‘I snatched my arm away and rushed at him in silence. His eyes met mine and he suddenly grew as pale as a sheet to his very lips. His eyes flashed in a peculiar way, and – what again I had not expected – he darted under the piano and out at the door. I was going to rush after him, but a weight hung on my left arm. It was she. I tried to free myself, but she hung on yet more heavily and would not let me go. This unexpected hindrance, the weight, and her touch which was loathsome to me, inflamed me still more. I felt that I was quite mad and that I must look frightful, and this delighted me. I swung my left arm with all my might, and my elbow hit her straight in the face. She cried out and let go my arm. I wanted to run after him, but remembered that it is ridiculous to run after one’s wife’s lover in one’s socks; and I did not wish to be ridiculous but terrible.
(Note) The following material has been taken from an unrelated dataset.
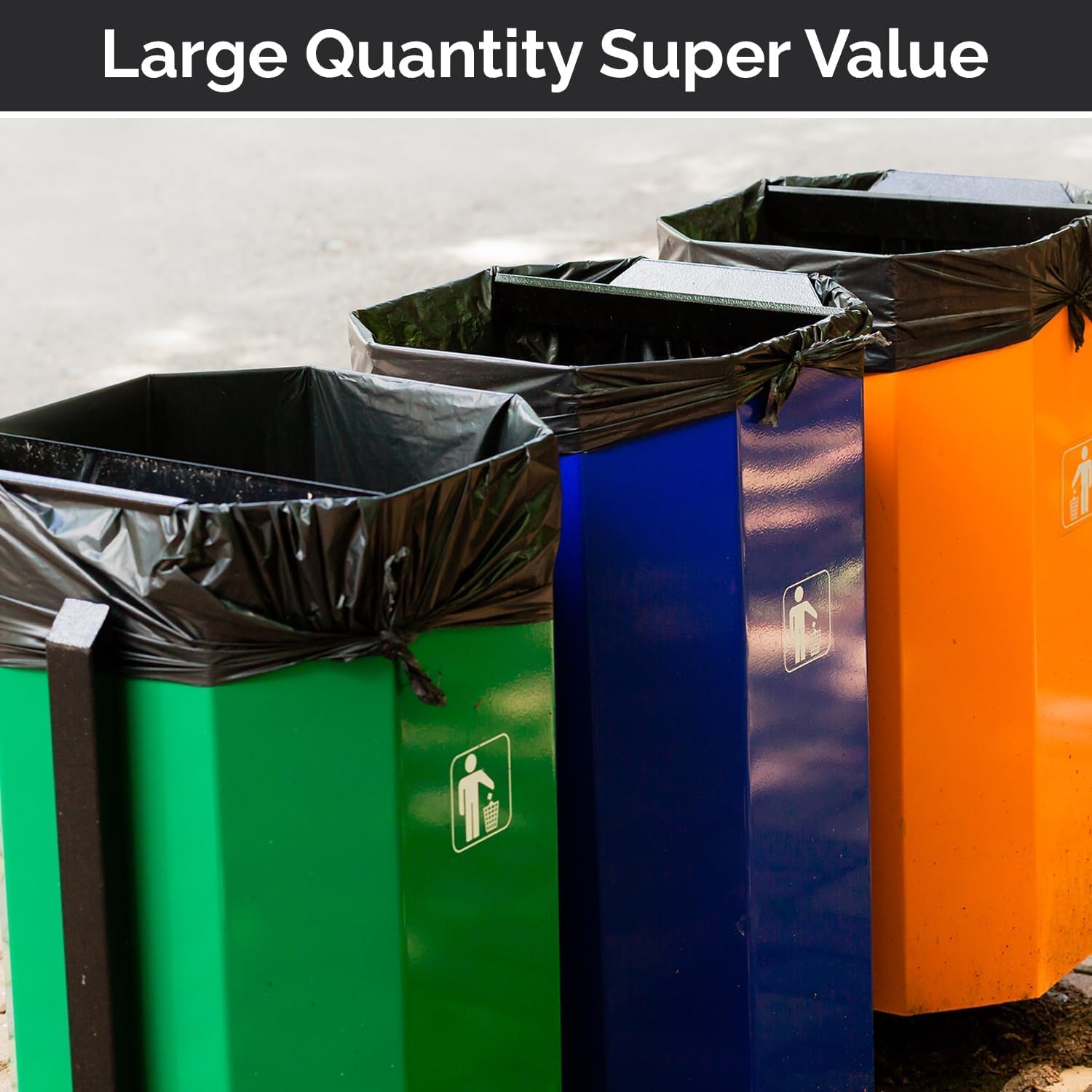 Extra Heavy Duty Black Contractor Garbage Bags 55 Gallon (50 Count)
In spite of the fearful frenzy I was in, I was all the time aware of the impression I might produce on others, and was even partly guided by that impression. I turned towards her. She fell on the couch, and holding her hand to her bruised eyes, looked at me. Her face showed fear and hatred of me, the enemy, as a rat’s does when one lifts the trap in which it has been caught. At any rate I saw nothing in her expression but this fear and hatred of me. It was just the fear and hatred of me which would be evoked by love for another. But still I might perhaps have restrained myself and not done what I did had she remained silent. But she suddenly began to speak and to catch hold of the hand in which I held the dagger.
‘ “Come to yourself! What are you doing? What is the matter? There has been nothing, nothing, nothing.… I swear it!”
‘I might still have hesitated, but those last words of hers, from which I concluded just the opposite – that everything had happened – called forth a reply. And the reply had to correspond to the temper to which I had brought myself, which continued to increase and had to go on increasing. Fury, too, has its laws.
‘ “Don’t lie, you wretch!” I howled, and seized her arm with my left hand, but she wrenched herself away. Then, still without letting go of the dagger, I seized her by the throat with my left hand, threw her backwards, and began throttling her. What a firm neck it was …! She seized my hand with both hers trying to pull it away from her throat, and as if I had only waited for that, I struck her with all my might with the dagger in the side below the ribs.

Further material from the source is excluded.